Only one stretch of the listing below is wanted. Begin at the line that has "Photo for Tenth", stop after the line that has "En hånd som", and repeat every line in between exactly.

== Task inputs ==
****************************************

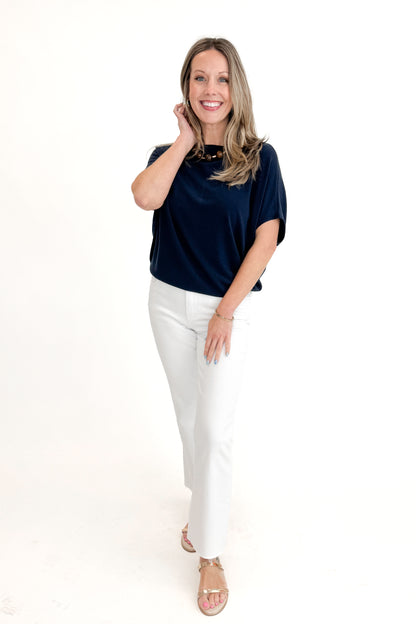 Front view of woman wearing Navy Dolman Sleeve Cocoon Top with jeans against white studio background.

****************************************

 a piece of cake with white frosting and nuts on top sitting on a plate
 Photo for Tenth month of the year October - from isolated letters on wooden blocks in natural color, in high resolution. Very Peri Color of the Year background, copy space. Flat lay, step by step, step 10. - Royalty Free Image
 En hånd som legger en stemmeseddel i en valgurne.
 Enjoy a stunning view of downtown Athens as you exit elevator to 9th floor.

****************************************

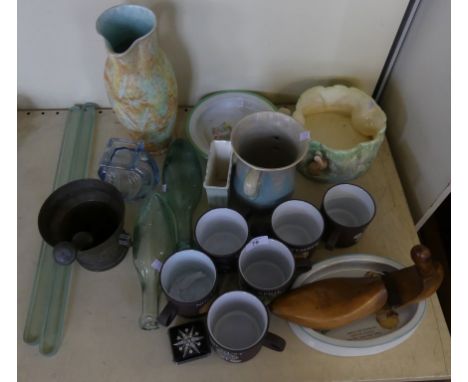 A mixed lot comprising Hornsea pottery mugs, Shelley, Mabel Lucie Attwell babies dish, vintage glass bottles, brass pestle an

****************************************

== Exercise response ==
 Photo for Tenth month of the year October - from isolated letters on wooden blocks in natural color, in high resolution. Very Peri Color of the Year background, copy space. Flat lay, step by step, step 10. - Royalty Free Image
 En hånd som legger en stemmeseddel i en valgurne.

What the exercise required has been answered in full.